To this end, all of Israel Aerospace Industries’ UAVs – from the smallest to the largest – are made from composites, although the stress on components such as the wing poses problems for maintenance.
Conventional inspection procedures are difficult to apply in the case of complex composite-based structural components and available non-destructive testing methods require highly trained technicians, which results in high operating costs.
In an exclusive presentation for Flightglobal, Moshe Medina, IAI's executive vice-president and general manager of its engineering and development group, unveiled details of IAI’s new fibre-optic strain-sensing health monitoring system for UAVs, which is based on the Rayleigh backscattering distributed strain sensing technology.
"The new system is based on an embedded fibre-optic that measures the strain distribution on the wing due to external loading," Medina explains.
He says that their small diameter means fibre-optics can easily be embedded within large composite material-based structural components: "They are flexible, passive, tolerant to environmental conditions and insensitive to electromagnetic disturbances."
Medina says that one of the methods is based on measuring the Rayleigh backscattering – in fibre-optics, this effect is caused by random fluctuations in the refractive index of the fibre – as a function of location along the fibre.
The amplitude of the backscattered light as a function of distance is random, but is fixed for any given fibre at a given layout of the fibre, Medina says.

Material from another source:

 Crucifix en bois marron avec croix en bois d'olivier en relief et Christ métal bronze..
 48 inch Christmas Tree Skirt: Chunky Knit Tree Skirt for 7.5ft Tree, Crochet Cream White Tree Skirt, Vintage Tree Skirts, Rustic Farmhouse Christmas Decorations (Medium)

An external stimulus such as mechanical strain or change in the temperature causes a shift in the local reflected optical spectrum. With a spatial resolution on the order of a centimetre, one can monitor strains over tens of meters of standard single mode optical fibres without the need for any preparations.
The structural health monitoring of the wing is performed by comparing the strain signature – measured by the optical fibre – under the same loading condition, at different times during the UAV’s service.

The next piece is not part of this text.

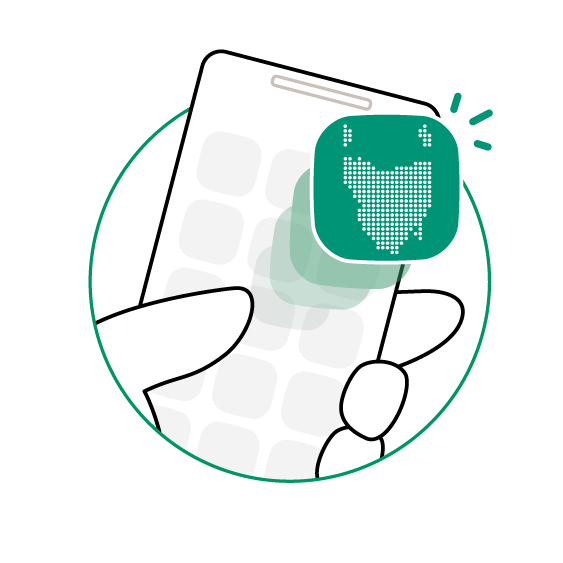 Hand holding mobile phone with myServiceTas app icon popping out of it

When the different UAV parts are being built in IAI's composite department, the fibre-optic is being embedded into the wing spars and other fuselage parts in spots that tend to develop strain damage.
This system has been embedded in all of the company's Heron TP UAVs – the largest type manufactured by the company – monitoring the health of all the front wing spars of the UAV.
After each flight or series of flights, the end of the fibre-optic is connected to a device loaded with the special algorithm that translates the input from the embedded system, turning it into data that can point to areas that need attention.
"We already know that the system has increased the mean time between inspection by 20%,” Medina notes.
The easy access to the data enables preventive maintenance, and according to Medina, taking the possible human error involved in other methods of periodical inspections "out of the loop".
Health management of UAVs, according to Medina, is crucial: "In a manned platform, the pilots are also sensors that can detect evolving failures. In an unmanned system the health system is alone.”
The new fibre-optic-based health system is not affected by light, ensuring precise readings even in harsh weather.
The new system is already installed on the Israeli air force's Heron TP, and has so far accumulated some 2,000h of flight time. According to the development team, in a sequence of 1,000h, there were no false indications.
The system is now being installed in IAI's UAVs, but other uses are already being evaluated, such as utilisation for monitoring composite fuselage sections of helicopters after cracks have been found and fixed. IAI has also used it to test its Gulfstream G280 business jet that is approaching the end of its fatigue test series.
Positive results have encouraged IAI to take the system to other activities of the company, such as the conversion of passenger aircraft to aerial tankers, cargo aircraft or special mission aircraft. Medina and his team say that the fibre-optic-based health system is a “revolution” that will be found in many aeronautical programmes in the future.